We’re sure you’ll disagree with some movies on this list, but deep inside you know you’re wrong. Here are 7 terrible movies that actually became cult classics.

 

 

1. Children of the Corn (1984)
Let’s start off with Stephen King and his corn-loving kids. Shot plot overview: kids go bonkers, kill all the adults to ensure the crops thrive. A young couple come across the wacky village, then the kids chase them, something about a corn demon, blah-blah-blah, the crops burn down, end of story… it was not, sadly. The best part about the entire movie was John Franklin’s superb performance, who was 25 at the moment, as Isaac – the child Prophet. And by superb I mean so-bad-it’s-hilarious.

 

 

2. The Room (2003)
Tommy Wiseau, who wrote, directed, and starred in his own movie The Room, is probably crazy enough to think he made something exceptional. Unfortunately, the real world doesn’t work like that. Nobody knows how this film got such a huge following, but it definitely doesn’t deserve it. Instead of suffering through the Room, just watch James Franco’s “The Disaster Artist”. It’s not that funny but at least it knows what it’s supposed to be.

3. Showgirls (1995)
The movie that ruined Elizabeth Berkley’s career, while giving boners to the every dude in the 90’s. It was supposed to make some statement about feminism, but instead backfired right into Paul Verhoeven’s face.
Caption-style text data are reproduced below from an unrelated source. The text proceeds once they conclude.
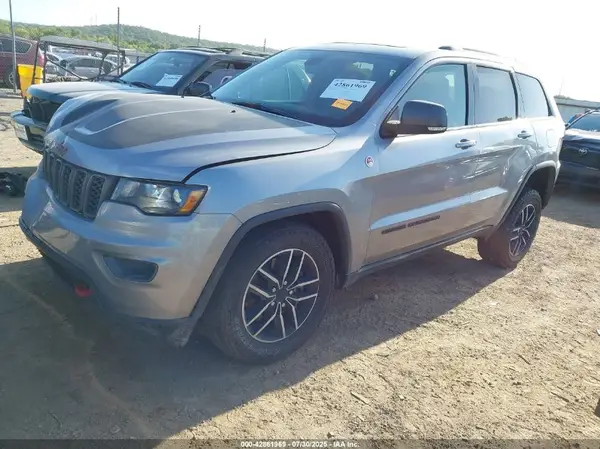 1C4RJFLT6MC794861 2021 JEEP GRAND CHEROKEE - Image 2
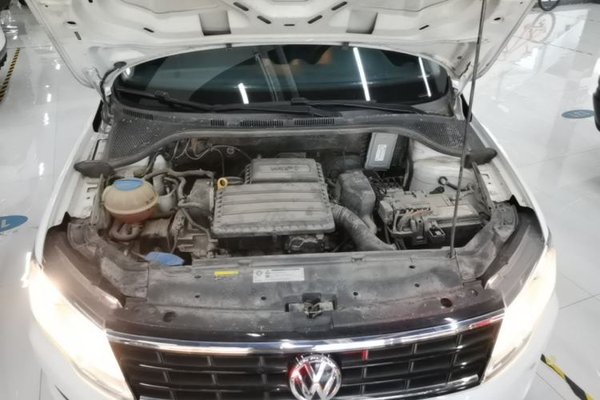 Volkswagen Jetta 2017, 77600 км, за 5655 USD - фото 24
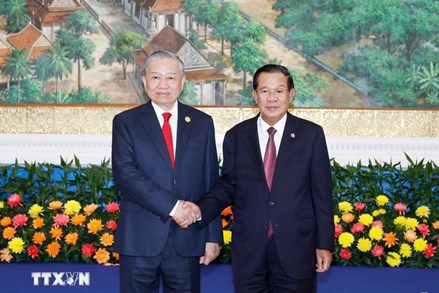 Tổng Bí thư Tô Lâm hội kiến Samdech Techo Hun Sen 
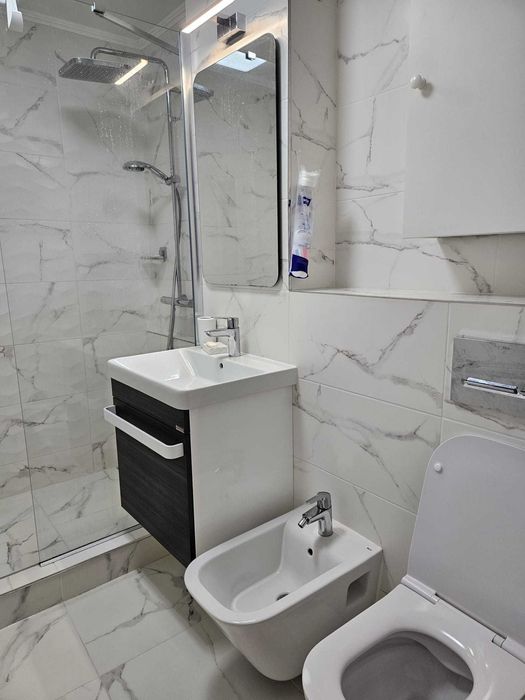 Apartament de închiriat – Zona Alfa, 97 mp
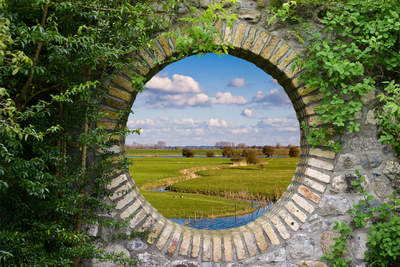 Tuinposter van Doorkijk naar rivierlandschap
I mean, what kind of a movie takes home 7 Razzie Awards in a single go? The answer is – a particularly bad one.

4. Dune (1984)
Today David Lynch is a living legend, but back in 1984 he was pretty much an amateur. But filming Frank Herbert’s “Dune” was just too much even for Lynch. The movie was an ugly mess, with pointless scenes, over-the-top acting, and one of the most confusing screenplays of all time. All that was neatly compacted into 140 minutes of runtime. Maybe if you read the books it’d make more sense, but as it is – it’s a bloody mess.

5. Troll 2 (1990)
First, there are zero trolls in the movie. Second, the plot makes no sense at all. And third, there’s a documentary about just how awful this movie is. Oh, and as a bonus, the movie’s antagonist – the witch – loves eating human flesh… but only after she turns it into veggies. 10/10, best movie ever.

6. Howard The Duck (1986)
Decades (or should I say DUCKades, mheheh) before Samuel L Jackson rounds up all the Avengers to fight Loki the Marvel fans had the Fantastic Four, the Lou Ferigno Hulk, and of course, Howard The Duck. In modern era MCU, a talking tree and a space raccoon are fine, but 30 years ago seeing a kung-fu-fighting duck from another dimension… well, let’s just say people were not ready for such an atrocity. Then again, 80’s were an entirely different era.

7. The Boondock Saints (1999)
So someone’s been watching a lot of Tarantino and decided to make their own movie in the save style. Isn’t that right, Troy Duffy? Okay, fine, fine, it’s not the worst movie out there. God knows I used to love it too, but upon closer inspection, it really doesn’t look all that great, compared to actual Tarantino hits like Reservoir Dogs or Pulp Fiction. You can’t do Tarantino if you’re not Tarantino. Have I said Tarantino too many times?